If Babur had to surrender his sister Khanjada Shaibani khan to save his life and his followers Humayun surrendered his infant son Akbar, merely five months old to Kamran to save his family’s life. He recovered Akbar nearly a year later.
Humayun was defeated by Sher Shah who chased him from Delhi and Agra. He moved literally like a vagabond, to Lahore Kandahar, Kabul and finally Persia. He was exiled to Persia by Kamran, who kept Akbar as surety. Humayun was forced to give up ‘Kohinoor’ to the Shah of Persia to earn the good will, who also forced him to become a Shia.With his support, Humayun made a comeback. Humayun snatched the girl whom Aksari loved all his life. The brothers never reconciled. Hindal was killed by Askari. Humayun sent Aksari to Mecca, where he never reached. It is believed that Humayun killed him. Kamran was blinded in both the eyes by Humayun’s orders and sent to Mecca. Sher Shah was by then was dead. Humayun raised a force and defeated Sikander Shah and reoccupied the throne. He died six months later, falling from the stairs in a drunken state of mind.

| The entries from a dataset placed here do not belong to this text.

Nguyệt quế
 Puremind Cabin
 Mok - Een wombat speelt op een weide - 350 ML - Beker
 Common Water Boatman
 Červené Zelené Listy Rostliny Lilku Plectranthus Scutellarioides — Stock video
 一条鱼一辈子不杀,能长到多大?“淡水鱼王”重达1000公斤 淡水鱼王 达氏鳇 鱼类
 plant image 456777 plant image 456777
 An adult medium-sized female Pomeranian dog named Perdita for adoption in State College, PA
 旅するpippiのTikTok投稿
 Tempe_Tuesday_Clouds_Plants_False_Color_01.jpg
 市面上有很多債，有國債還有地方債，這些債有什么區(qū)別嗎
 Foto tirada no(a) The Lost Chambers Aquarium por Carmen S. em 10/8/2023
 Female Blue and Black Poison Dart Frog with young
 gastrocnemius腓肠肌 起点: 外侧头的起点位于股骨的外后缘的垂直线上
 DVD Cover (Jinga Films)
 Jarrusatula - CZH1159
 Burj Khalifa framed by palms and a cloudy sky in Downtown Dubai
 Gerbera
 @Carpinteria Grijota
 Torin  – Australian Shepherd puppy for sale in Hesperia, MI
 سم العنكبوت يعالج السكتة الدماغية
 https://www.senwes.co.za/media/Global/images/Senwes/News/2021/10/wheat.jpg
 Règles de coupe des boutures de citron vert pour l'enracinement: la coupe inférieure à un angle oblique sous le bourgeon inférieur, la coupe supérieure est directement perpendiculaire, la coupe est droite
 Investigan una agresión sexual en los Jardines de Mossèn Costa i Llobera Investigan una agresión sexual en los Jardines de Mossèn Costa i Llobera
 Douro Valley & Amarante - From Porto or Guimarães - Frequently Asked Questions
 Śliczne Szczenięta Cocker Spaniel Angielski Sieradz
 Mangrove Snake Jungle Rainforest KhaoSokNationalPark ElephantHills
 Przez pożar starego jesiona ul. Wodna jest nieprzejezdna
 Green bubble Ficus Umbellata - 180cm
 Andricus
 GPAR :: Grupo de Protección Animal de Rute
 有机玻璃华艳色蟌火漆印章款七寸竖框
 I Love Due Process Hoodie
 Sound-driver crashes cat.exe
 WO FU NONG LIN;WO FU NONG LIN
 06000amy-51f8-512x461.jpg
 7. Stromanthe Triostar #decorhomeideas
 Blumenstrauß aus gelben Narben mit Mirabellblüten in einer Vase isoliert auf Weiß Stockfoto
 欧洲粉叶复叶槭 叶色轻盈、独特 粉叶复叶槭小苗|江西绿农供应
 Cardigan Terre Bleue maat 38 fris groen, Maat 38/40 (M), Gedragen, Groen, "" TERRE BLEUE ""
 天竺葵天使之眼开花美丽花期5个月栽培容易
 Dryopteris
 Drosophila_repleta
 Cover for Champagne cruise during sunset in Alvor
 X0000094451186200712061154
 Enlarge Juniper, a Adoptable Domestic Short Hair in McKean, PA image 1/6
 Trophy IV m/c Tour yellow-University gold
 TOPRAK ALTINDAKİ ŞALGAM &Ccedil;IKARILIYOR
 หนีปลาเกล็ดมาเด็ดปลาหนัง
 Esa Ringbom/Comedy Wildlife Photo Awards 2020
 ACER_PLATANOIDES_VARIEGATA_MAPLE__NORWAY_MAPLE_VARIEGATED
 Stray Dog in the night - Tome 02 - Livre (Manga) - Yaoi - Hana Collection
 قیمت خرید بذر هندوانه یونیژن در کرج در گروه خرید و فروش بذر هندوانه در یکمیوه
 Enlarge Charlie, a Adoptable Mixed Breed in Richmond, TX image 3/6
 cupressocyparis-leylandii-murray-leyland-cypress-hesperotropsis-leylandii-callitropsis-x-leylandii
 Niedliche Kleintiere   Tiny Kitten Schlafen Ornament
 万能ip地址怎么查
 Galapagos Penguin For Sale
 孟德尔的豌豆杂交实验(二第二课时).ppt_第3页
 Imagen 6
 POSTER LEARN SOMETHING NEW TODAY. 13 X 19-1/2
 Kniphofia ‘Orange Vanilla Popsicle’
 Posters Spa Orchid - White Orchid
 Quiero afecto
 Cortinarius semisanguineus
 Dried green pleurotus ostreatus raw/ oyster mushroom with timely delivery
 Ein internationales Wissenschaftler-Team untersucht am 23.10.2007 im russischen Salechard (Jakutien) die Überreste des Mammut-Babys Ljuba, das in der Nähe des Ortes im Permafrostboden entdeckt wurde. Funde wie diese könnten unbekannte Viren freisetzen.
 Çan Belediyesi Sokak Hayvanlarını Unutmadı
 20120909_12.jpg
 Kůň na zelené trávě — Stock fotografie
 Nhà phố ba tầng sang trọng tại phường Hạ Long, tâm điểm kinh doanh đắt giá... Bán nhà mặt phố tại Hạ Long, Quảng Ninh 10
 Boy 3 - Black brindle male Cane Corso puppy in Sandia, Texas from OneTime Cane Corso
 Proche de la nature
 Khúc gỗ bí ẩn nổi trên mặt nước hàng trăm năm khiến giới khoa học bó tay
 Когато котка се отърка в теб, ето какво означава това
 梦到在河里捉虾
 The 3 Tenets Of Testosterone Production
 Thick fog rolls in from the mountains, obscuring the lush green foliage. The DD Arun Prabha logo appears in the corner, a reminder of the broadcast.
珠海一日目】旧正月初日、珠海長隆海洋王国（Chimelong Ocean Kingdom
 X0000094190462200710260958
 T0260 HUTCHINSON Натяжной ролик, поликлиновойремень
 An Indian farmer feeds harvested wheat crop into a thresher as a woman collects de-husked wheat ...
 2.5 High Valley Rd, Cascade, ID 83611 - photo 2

Fratricide committed by Aurangzeb
Aurangzeb usurped into power by imprisoning his father and brothers. He killed elder brother Darashiko in a ghastly and cruel manner. Dara, first born and heir to the throne loved and cherished by his father Shahjahan and respected by the people .Muslim historians charged him with offence of free thinking and heretical notions which he had adopted under name Tasuwwuf –Sufism ,but showed an inclination for the religion of Hindus. He was constantly in the society of Brahmins, jogis and sanyasis. He considered as being the word of God. He devoted all his time to these books and given up his prayers, fasting and other obligations imposed by law. So he was hunted from place to place and was caught and imprisoned. Dara and his son were paraded on the streets of Delhi on an old elephant covered with filth. Later that night two men entered the prince’s room, laid hands upon him neither compassion nor respect flung him to the ground and cut off his head. They carried the head in all haste to Aurangzeb’s presence. Such was the tragic fate meted out to prince Dara.
Then his head was placed in a basket and sent to his father, when Shahjahan sat down to dinner Aurangzeb’s close aid Itibarkhan raises basket at his dinner table and tells him that Aurangzeb has sent it. When the basket was opened he discovered the head of his beloved son Dara, he was horrified ,uttered a cry fell on his hands face up on the table, striking against golden vessels, broke some of his teeth and lay there apparently lifeless. After regaining consciousness, he raised both hands to heaven and said ‘Khuda teri rasa’ that is to say’ My God thy will be done’, (Niccolao Manucci, storia de Mogal, vol.p341.) Shahjahan died on setember, 8, 1666, under imprisonment of his son.